I have the following the code saved as the content for a post in an unmodified Wordpress install running TwentyNineteen theme. It contains a combination of HTML entities and hex entities.
<span>Explore the professions of some of the groundbreaking women in
science, technology, engineering and mathematics (STEM) with the LEGO® Ideas Women of NASA set. It features minifigures of 4 pioneering women of NASA— astronomer and educator Nancy Grace Roman, computer scientist and entrepreneur Margaret Hamilton, astronaut, physicist and entrepreneur Sally Ride and astronaut, physician and engineer Mae Jemison—and 3 builds illustrating their areas of expertise. Role-play space exploration from planning to moon landing, beginning with the iconic scene from Massachusetts Institute of Technology in 1969 of Hamilton with software that she and her team programmed. Build the posable Hubble Space Telescope and launch a LEGO version of the Space Shuttle Challenger with 3 removable rocket stages.
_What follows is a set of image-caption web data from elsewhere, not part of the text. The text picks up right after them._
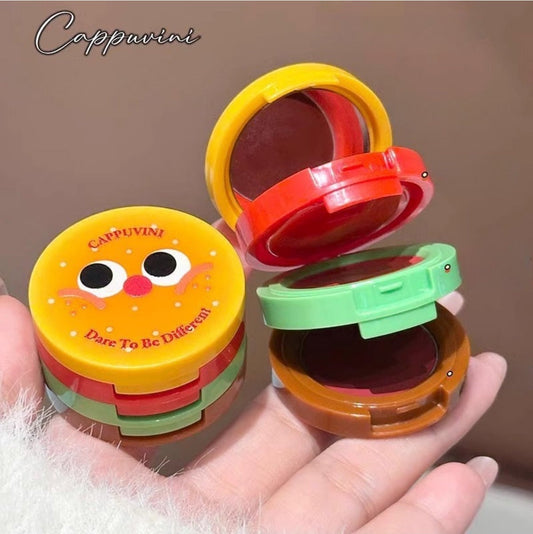 Mini Burger Üçlü Ruj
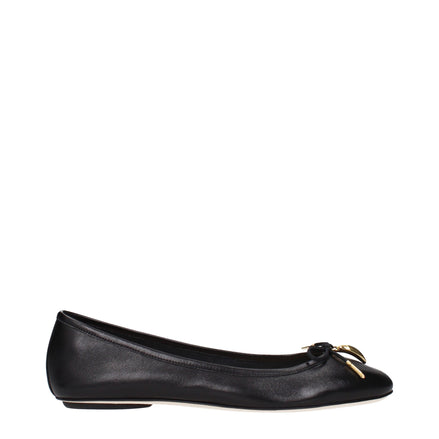 Balvini Chloé din piele neagră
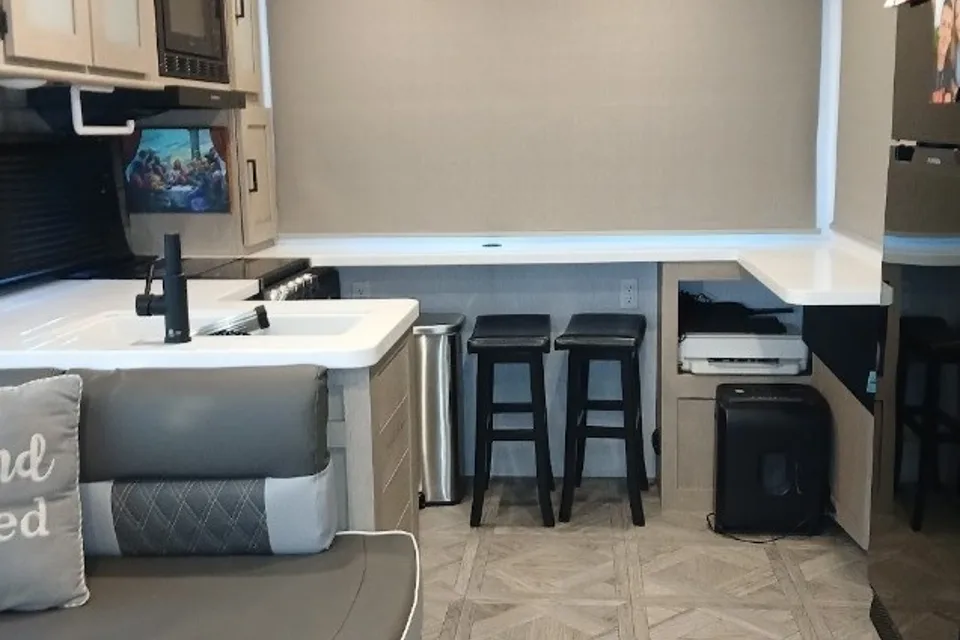 Becky's Forest River Wildwood Travel Trailer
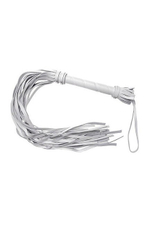 Плеть кожаная белая Sitabella (Цвет: белый)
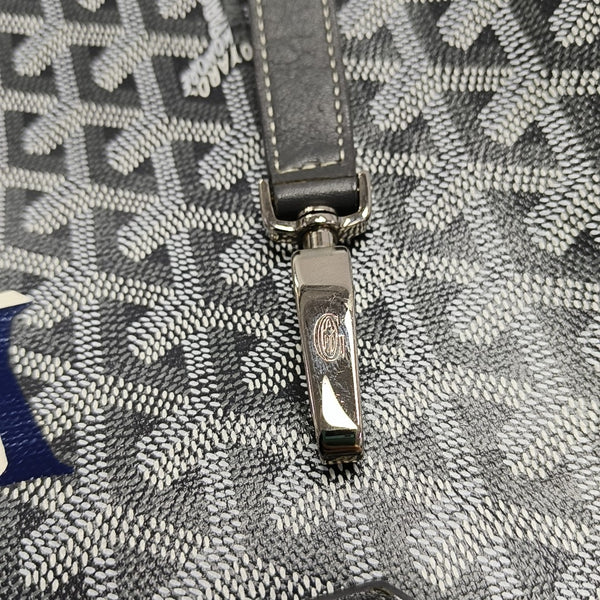 Voltaire Coated Canvas Gray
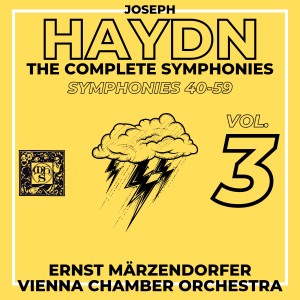 Ernst Märzendorfer的專輯Haydn: The Complete Symphonies, Vol. 3 (Symphonies No. 40 - 59)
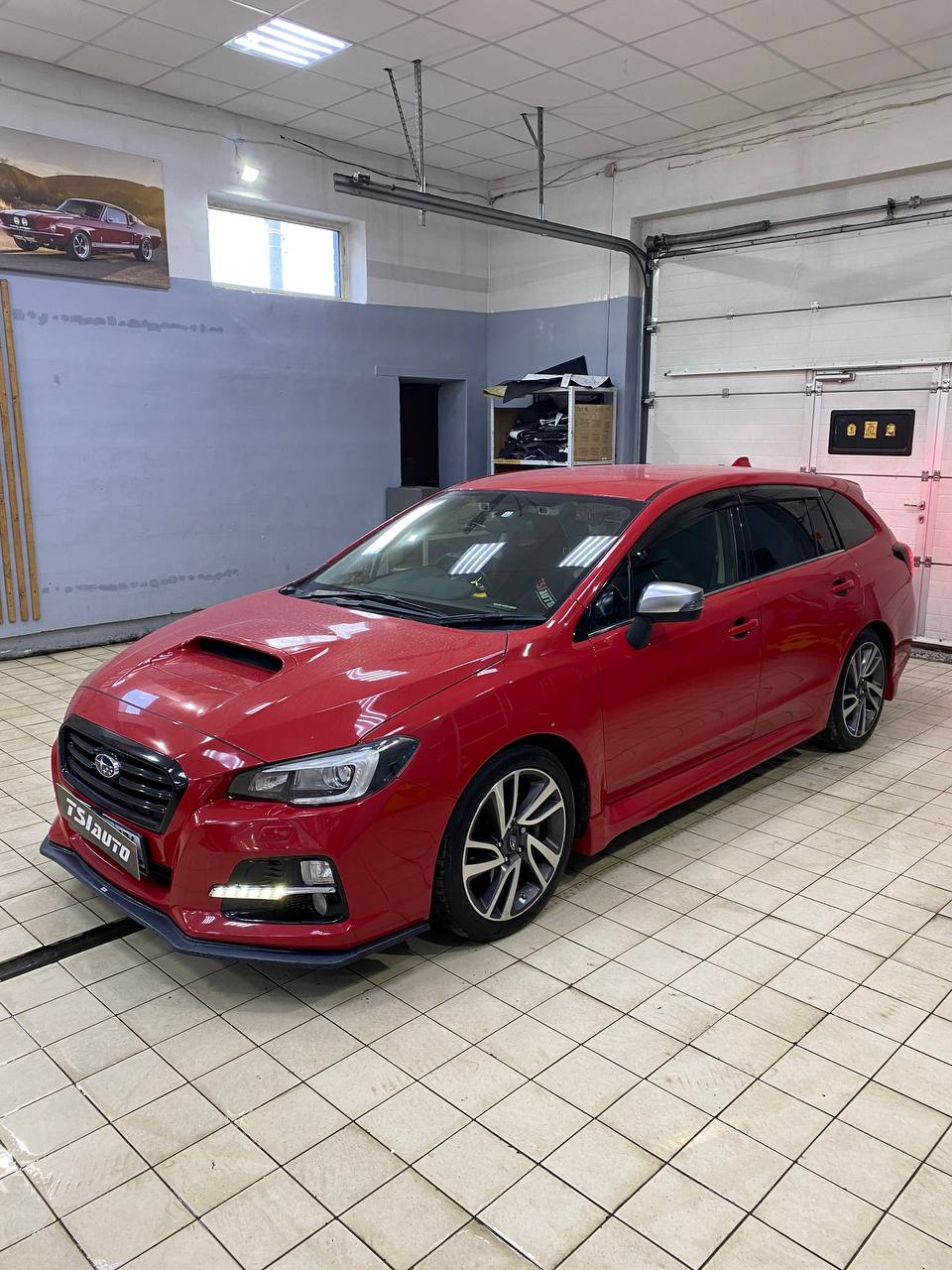 Subaru Levorg шумоизоляция арок в Ростове-на-Дону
The set also includes a booklet about the 4 featured women of NASA, and the fan creator and LEGO designers of this fun and educational set.</span><div class="ProductFeatures__BulletText-s6my6ry-2 UbHkR"><span><ul><li> Includes 4 minifigures: Nancy Grace Roman, Margaret Hamilton, Sally Ride and Mae Jemison.
</li><li> Features 3 LEGO® builds illustrating the areas of expertise of the 4 featured women of NASA.
</li><li> Nancy Grace Roman’s build features a posable Hubble Space Telescope with authentic details and a projected image of a planetary nebula.
</li><li> Margaret Hamilton's build features a stack of book elements, representing the books of listings of Apollo Guidance Computer (AGC) onboard flight software source code.
</li><li> Sally Ride and Mae Jemison’s build features a launchpad and Space Shuttle Challenger with 3 removable rocket stages.
</li><li> Also includes printed nameplates for each of the 4 women featured in this set.
</li><li> Great for role-playing space exploration missions.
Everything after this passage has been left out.